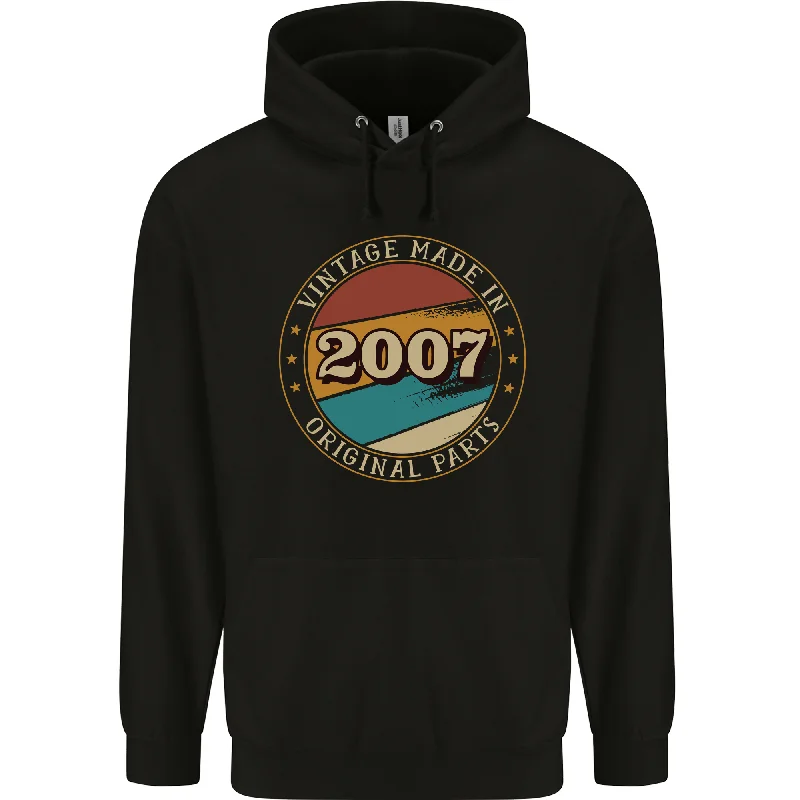 17th Birthday  Vintage Made In 2007 Mens 80% Cotton Hoodie Hoodie with Front Slit Layering Stylish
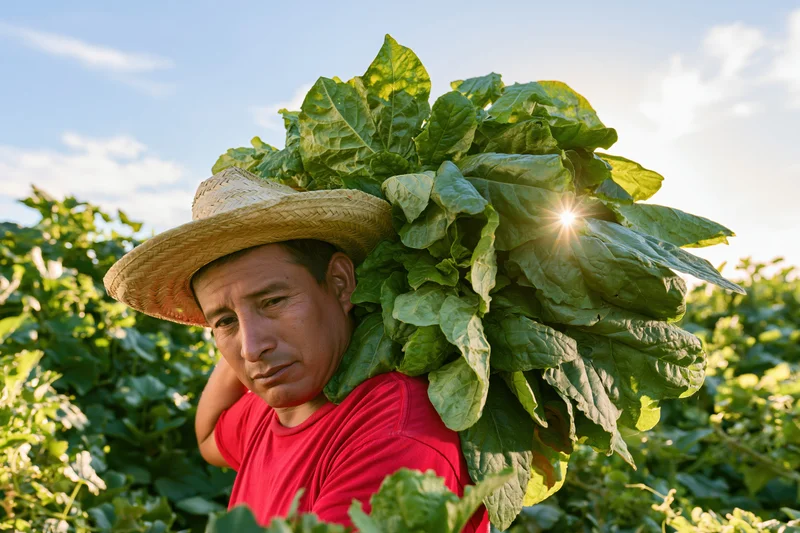 Man carrying bundle of tobacco leaves on shoulder in field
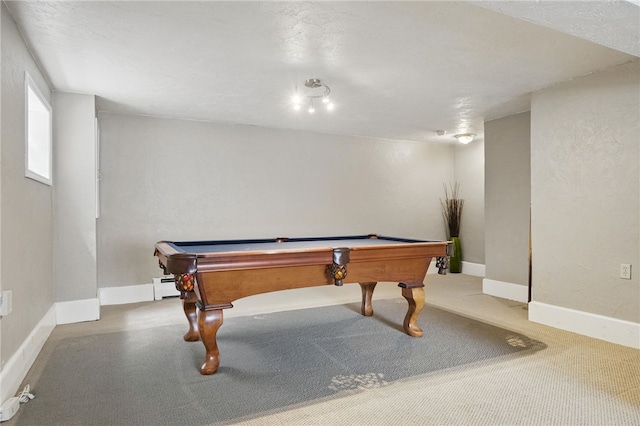 recreation room featuring baseboards, a baseboard heating unit, billiards, and carpet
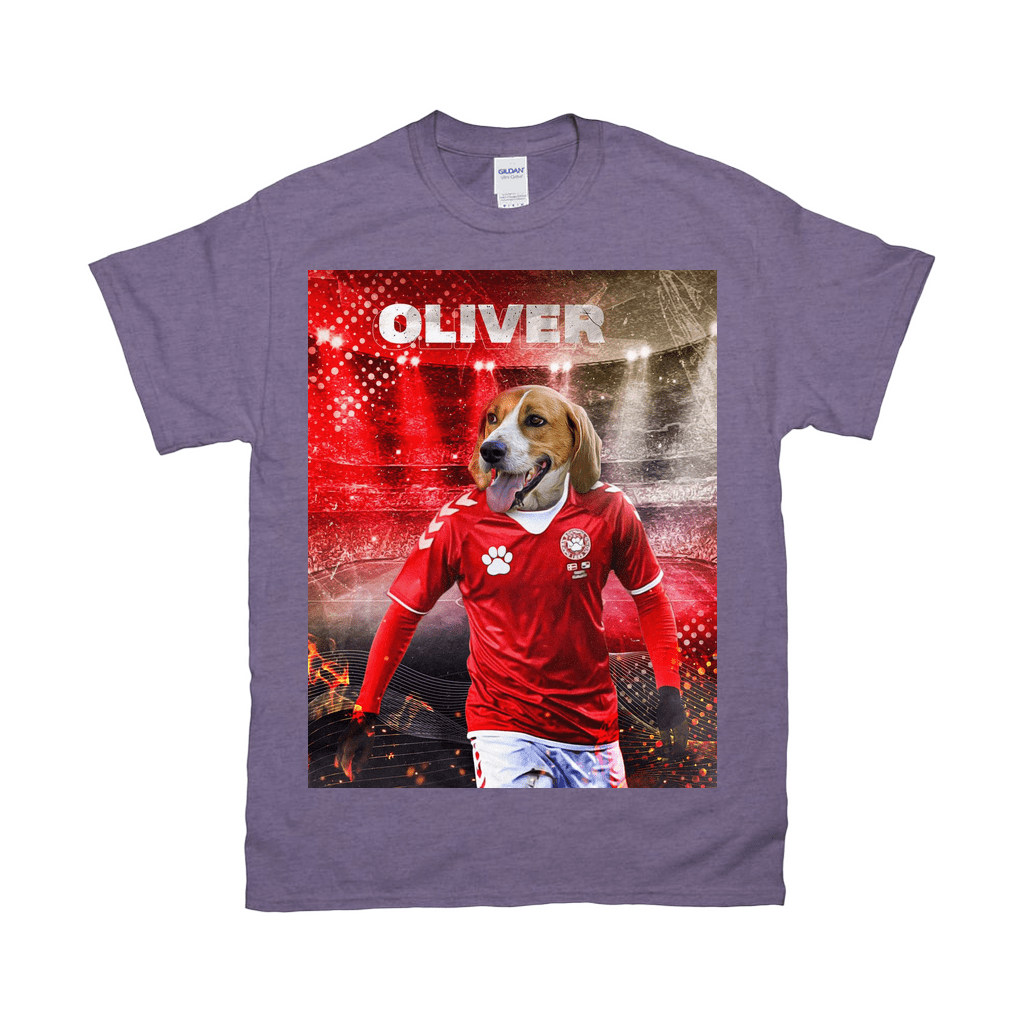&#39;Denmark Doggos Soccer&#39; Personalized Pet T-Shirt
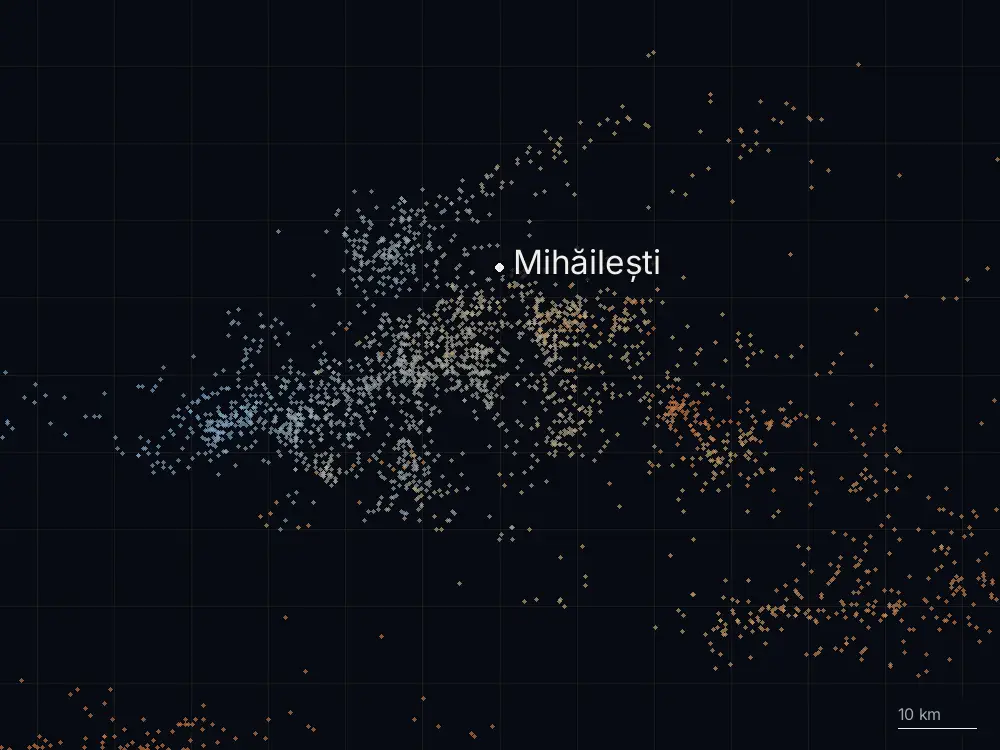 Karte der Blitze bei Mihăilești am Montag, 24. August 2026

• _Exercise requirements_
Each record must be returned exactly as it stands, and the images omitted.

• _Output_
 17th Birthday  Vintage Made In 2007 Mens 80% Cotton Hoodie Hoodie with Front Slit Layering Stylish
 Man carrying bundle of tobacco leaves on shoulder in field
 recreation room featuring baseboards, a baseboard heating unit, billiards, and carpet
&#39;Denmark Doggos Soccer&#39; Personalized Pet T-Shirt
 Karte der Blitze bei Mihăilești am Montag, 24. August 2026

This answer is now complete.